Work task = In this exercise, retype exactly the lines from the start of the entries through the line bearing "Primer plano de", leaving every picture out.
*** Block opens ***
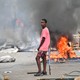 A young man stands in a city street where a fire is burning, emitting a cloud of black smoke.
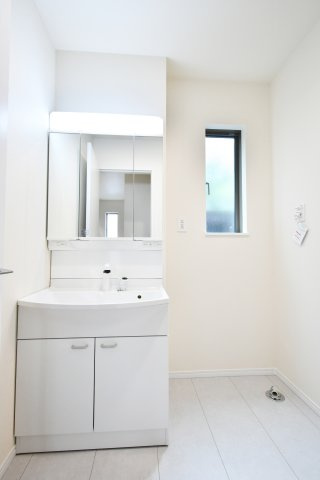 第17上尾上　全6棟　B号棟の独立洗面台|三面鏡裏の収納やゆとりある洗面ボウルが、慌ただしい朝の身支度をスムーズに。横に広がるスペースは脱衣室としての使い勝手も良く、明るい採光窓が空間をより広く、清潔な印象へと引き立ててくれます。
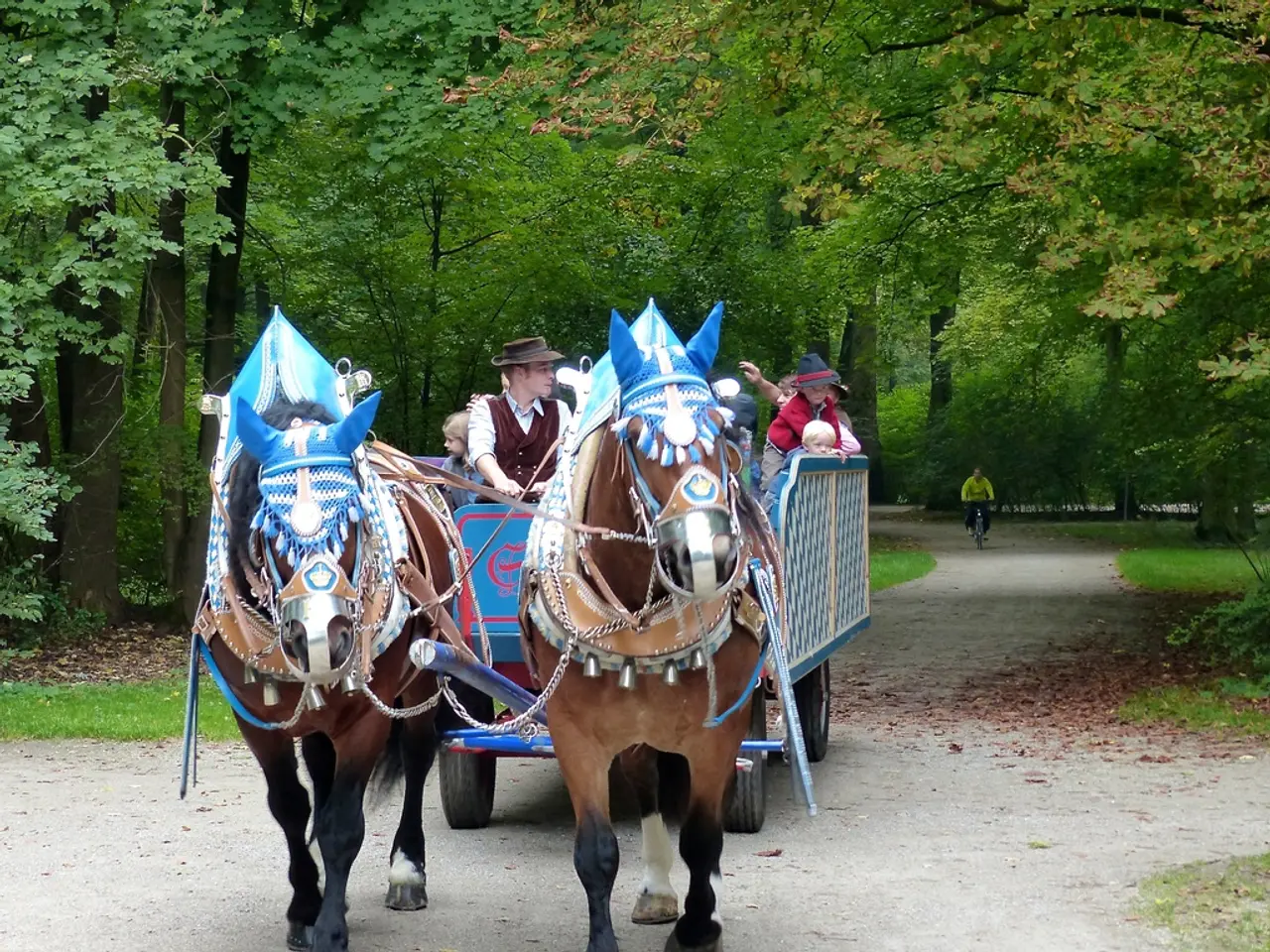In the image there is a horse tanga with few people sitting on it and behind there is a man riding...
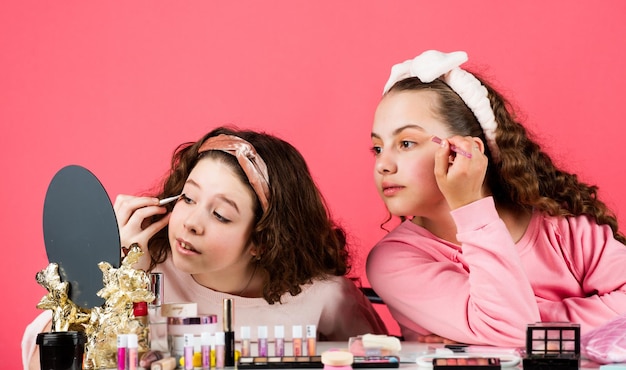 Cosmetici per bambini Festa in spa Bellezza e moda Ragazze felici che si truccano insieme Salone di bellezza Gioca con i cosmetici Negozio di cosmetici Felicità della sorellanza Cura della pelle Prevenire l'acne Trucco per bambini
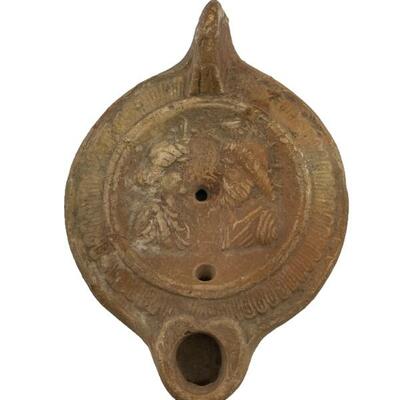 "Roman pottery oil lamp, probably circa 2nd century CE. Mold-made with a flat base, curved walls and lug handle. Central recessed...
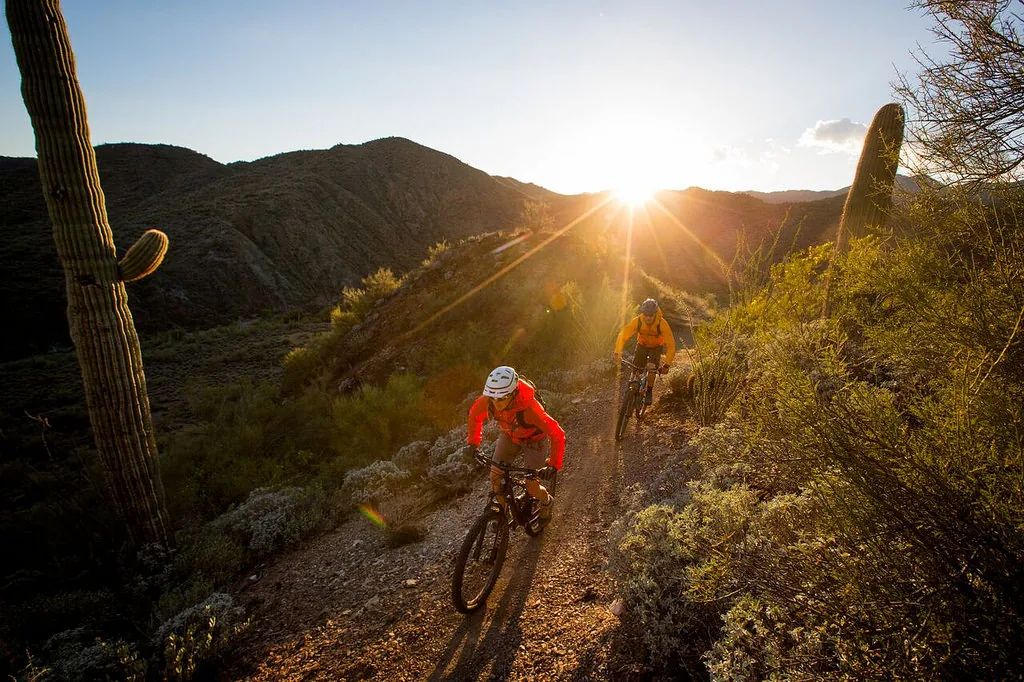 A mountain biker on a desert trail under a blue sky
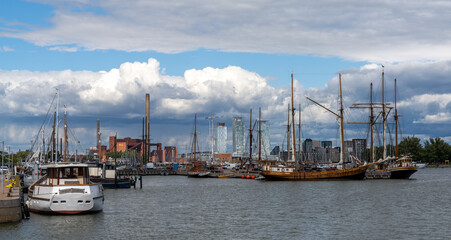 Fototapeta na wymiar many old sailboats moored in the harbor of Helsinki in southern Finland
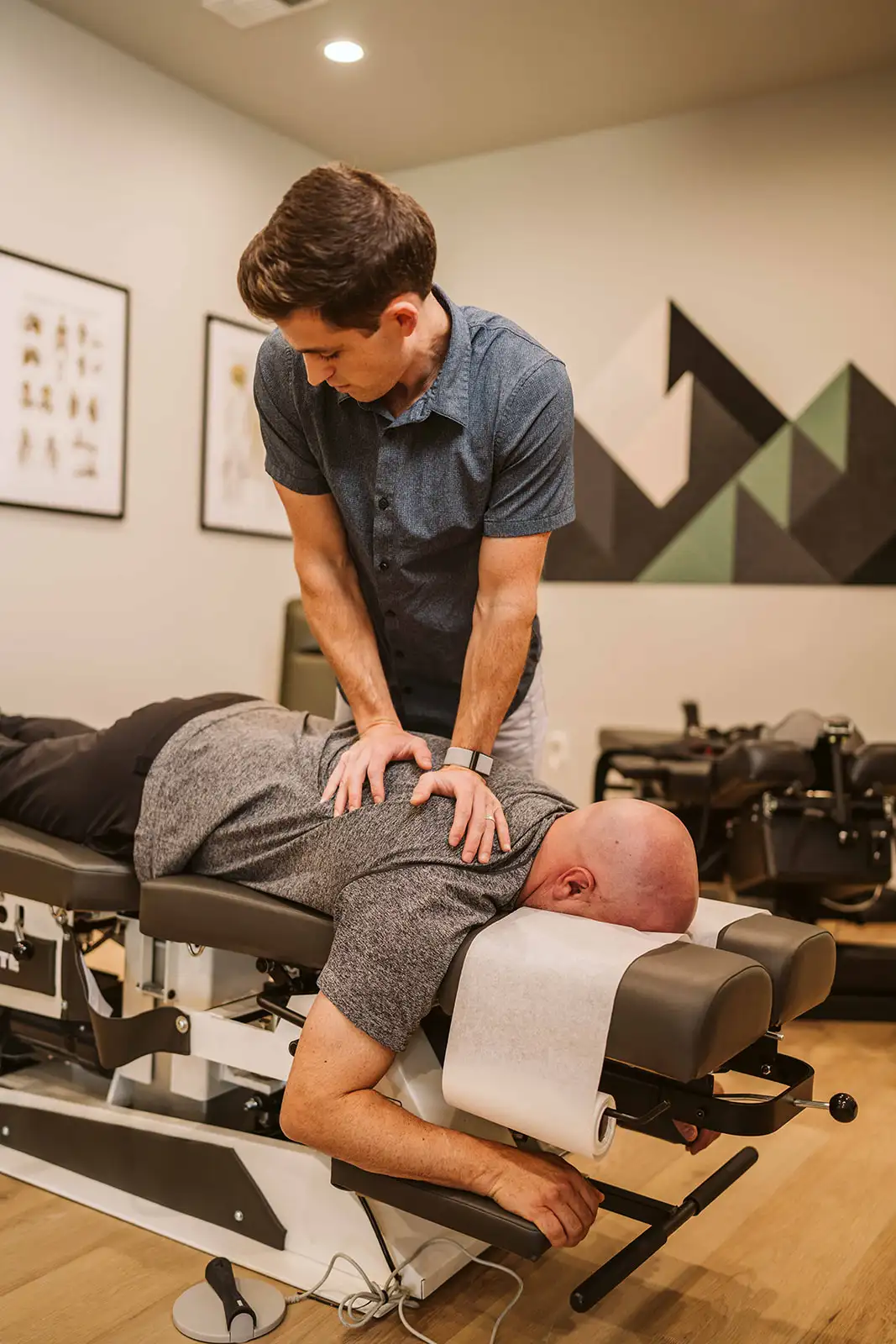 Dr. Hiebert providing hands-on chiropractic care to a patient on a treatment table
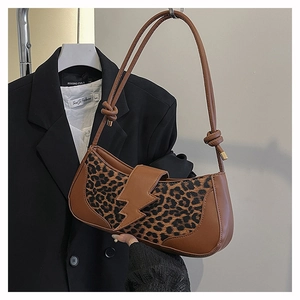 Primer plano de bolso bajo el brazo con estampado de leopardo y hebilla de rayo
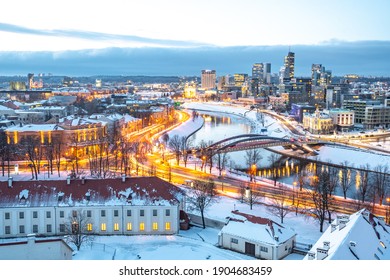 Vilnius, capital of Lithuania, beautiful scenic aerial panorama of modern business financial district architecture buildings with river and bridge in winter, Global City of the Future
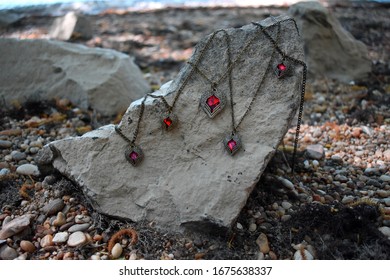 Some necklaces on a stone.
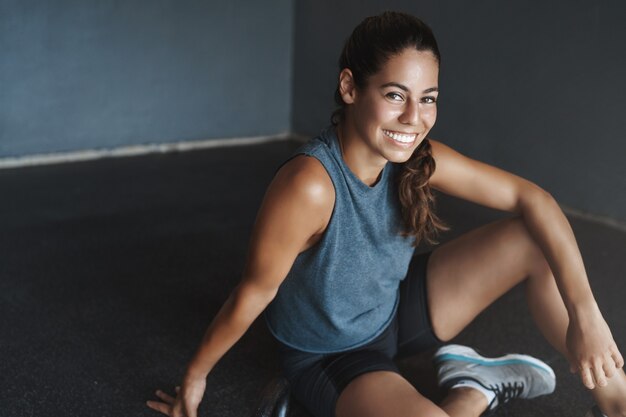 体育館の床に座っているクローズアップの陽気なフィットの格好良い若いブラジル人女性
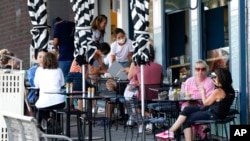 FILE - Customers sit outside a cafe at Bondi Beach in Sydney, Australia, Jan. 8, 2022. 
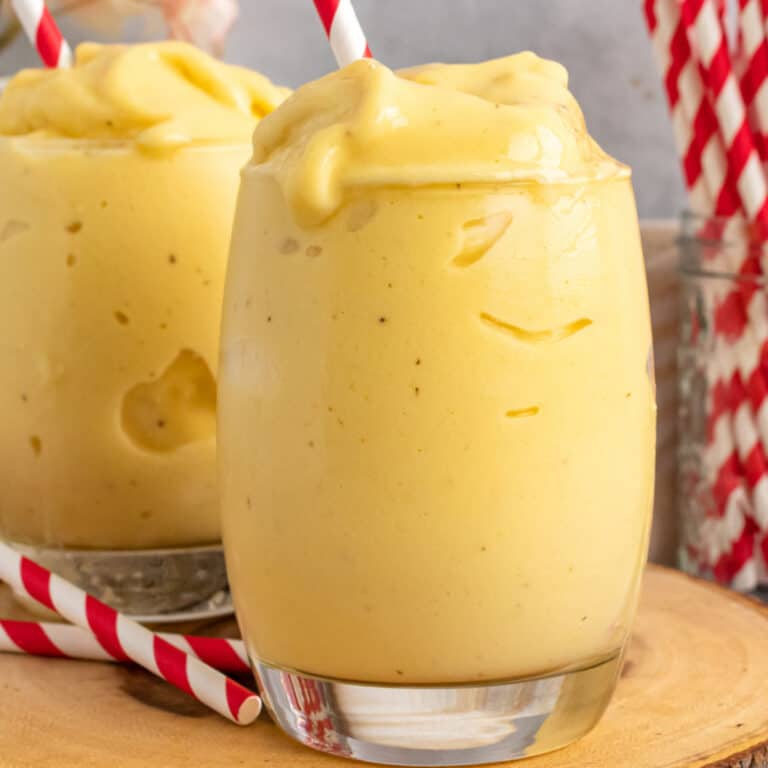square image of two glasses filled with mango pineapple smoothie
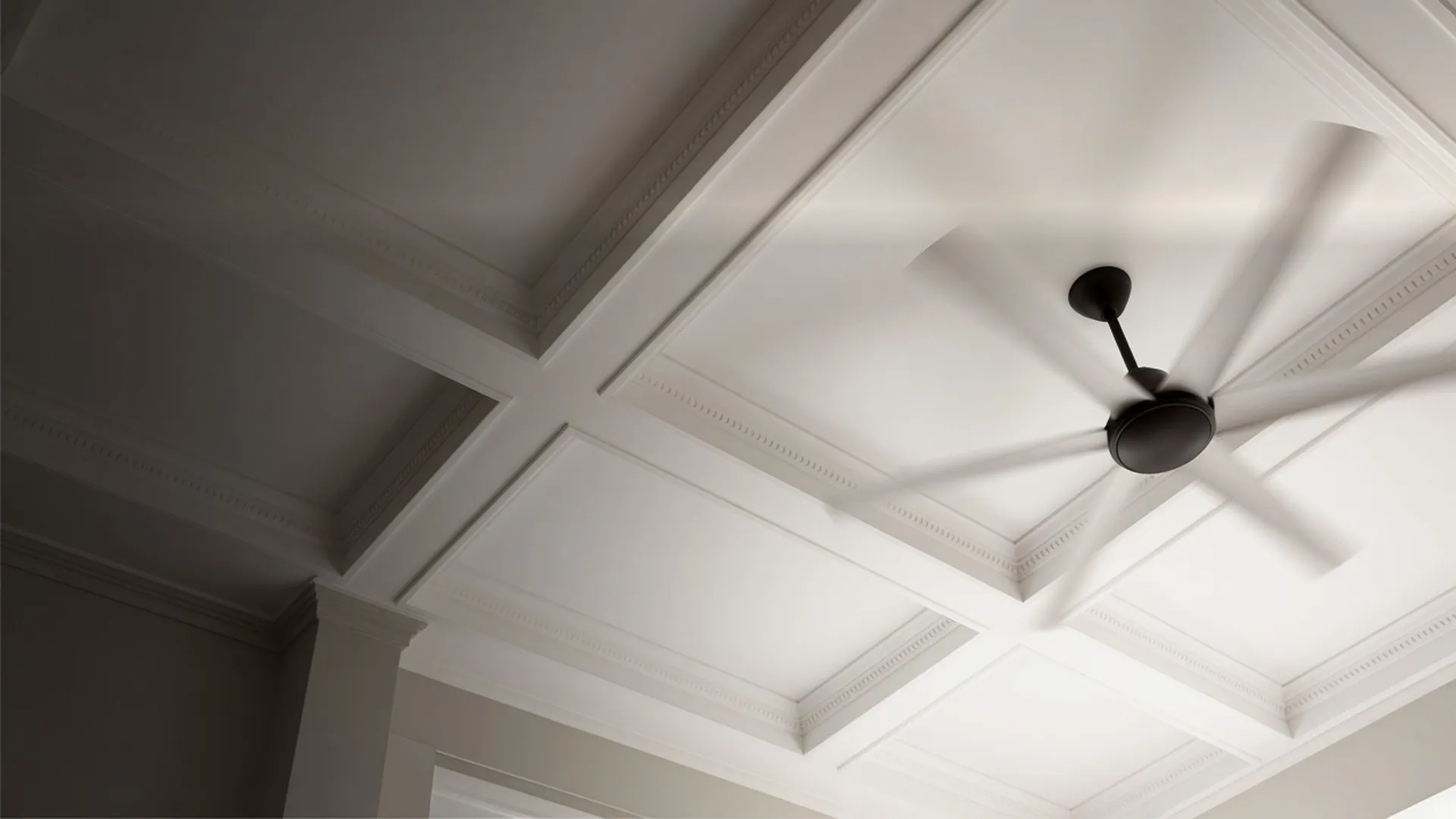 A ceiling fan seen from directly below
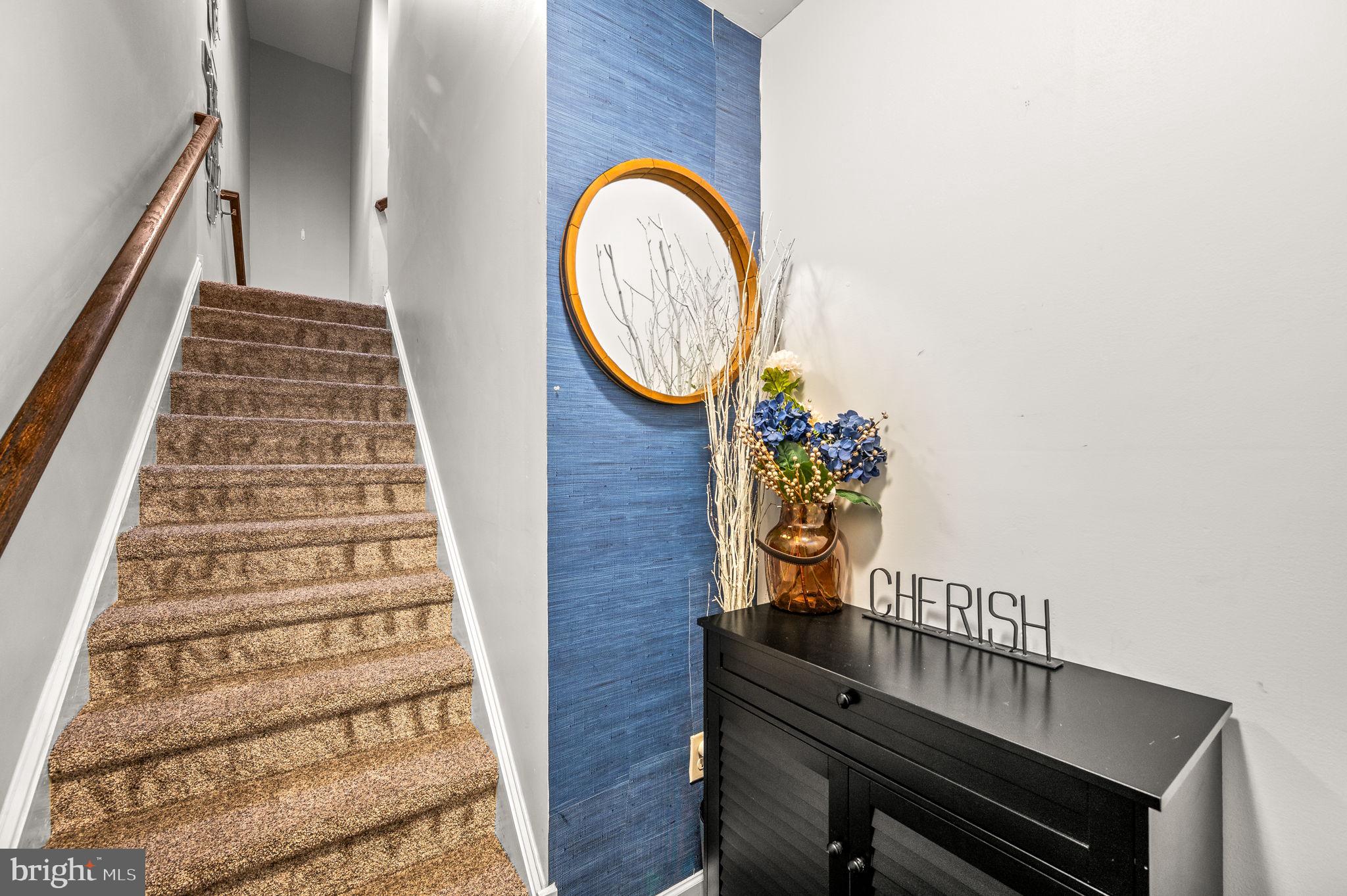 131 Time Circle Bear, DE 19701 - Photo 5 of 35 a view of staircase with wooden floor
*** Block closes ***
Answer to this exercise =
 A young man stands in a city street where a fire is burning, emitting a cloud of black smoke.
 第17上尾上　全6棟　B号棟の独立洗面台|三面鏡裏の収納やゆとりある洗面ボウルが、慌ただしい朝の身支度をスムーズに。横に広がるスペースは脱衣室としての使い勝手も良く、明るい採光窓が空間をより広く、清潔な印象へと引き立ててくれます。
In the image there is a horse tanga with few people sitting on it and behind there is a man riding...
 Cosmetici per bambini Festa in spa Bellezza e moda Ragazze felici che si truccano insieme Salone di bellezza Gioca con i cosmetici Negozio di cosmetici Felicità della sorellanza Cura della pelle Prevenire l'acne Trucco per bambini
 "Roman pottery oil lamp, probably circa 2nd century CE. Mold-made with a flat base, curved walls and lug handle. Central recessed...
 A mountain biker on a desert trail under a blue sky
 Fototapeta na wymiar many old sailboats moored in the harbor of Helsinki in southern Finland
 Dr. Hiebert providing hands-on chiropractic care to a patient on a treatment table
 Primer plano de bolso bajo el brazo con estampado de leopardo y hebilla de rayo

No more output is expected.